Holiday trading: Fly with it

The writer, Richard Bach, was a firm believer in choice. Allow yourself to live as you choose, he counselled, creating an eponymous seagull hero that decided to fly faster and higher than anyone else in his feathery family.

Choice is, or certainly should be, high on the agenda when deciding on an employee benefits scheme. Employees can contribute as much as they like to their pensions; they can spend their discounts almost anywhere; they can even choose which gym they work out at. So why can’t they choose how much annual leave to take?

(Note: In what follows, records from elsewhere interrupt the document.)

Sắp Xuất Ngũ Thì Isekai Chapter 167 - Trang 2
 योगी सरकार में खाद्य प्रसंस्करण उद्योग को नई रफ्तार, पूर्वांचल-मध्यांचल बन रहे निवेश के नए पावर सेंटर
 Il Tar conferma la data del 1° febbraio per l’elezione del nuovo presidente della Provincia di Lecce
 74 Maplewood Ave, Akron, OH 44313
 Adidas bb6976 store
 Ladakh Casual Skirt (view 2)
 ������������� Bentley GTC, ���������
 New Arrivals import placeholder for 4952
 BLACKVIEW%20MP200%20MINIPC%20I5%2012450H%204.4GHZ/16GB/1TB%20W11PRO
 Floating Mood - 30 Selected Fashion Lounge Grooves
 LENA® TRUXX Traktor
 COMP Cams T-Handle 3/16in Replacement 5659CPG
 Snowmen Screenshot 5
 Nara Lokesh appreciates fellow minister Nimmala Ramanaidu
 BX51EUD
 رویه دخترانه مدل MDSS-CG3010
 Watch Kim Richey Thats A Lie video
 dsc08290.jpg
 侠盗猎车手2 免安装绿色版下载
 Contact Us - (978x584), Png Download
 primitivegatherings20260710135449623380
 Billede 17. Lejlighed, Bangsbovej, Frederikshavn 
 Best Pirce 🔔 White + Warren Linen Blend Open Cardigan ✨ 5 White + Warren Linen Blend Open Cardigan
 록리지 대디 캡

In fact, more and more can. Once the preserve of public sector organisations (councils, ambulance services, NHS trusts and the like), buying and selling annual leave as an employee benefit has moved into the mainstream. Originally taken up by corporate big-hitters like PwC, it’s been adopted by companies as varied as Orange, Barratt Homes and Nationwide. KPMG ‘encourages the business to be creative in offering flexible working,’ and allows employees to buy back a hefty four weeks annual leave.

This is how it works: an employee can only sell leave as long as they keep to the statutory minimum, which, at the moment, is 20 days plus 8 public holidays. If an employee sells five days (which is the maximum most employers offer), and their salary works out at £100 per day, their annual pay is reduced by £500 and smoothed out over a year to spread the cost.

If it sounds sensible, that’s because it is. But why are we only seeing it now? Needless to say, much has changed in the last two years.

This new benefit is an additional tool for employers to avoid drastic measures like pay cuts and enforced leave by making much- needed savings on payroll and National Insurance contributions (it was widely reported that in one quarter of 2009, the 500-strong office supply firm Acco Brands made a payroll saving of over £37,000). In turn, employees have increased flexibility and control over their work-life balance. Their buyback can even absorb unplanned time off for domestic responsibilities, for example.

And it doesn’t have to be complicated, time consuming or expensive to implement. As an employer, you don’t even need a full flex benefits scheme. Buying and selling annual leave will become part of Asperity’s Reward Gateway from the Spring. So a few extra days spotting acrobatic seagulls on the south coast is nothing. Everyone’s flying high.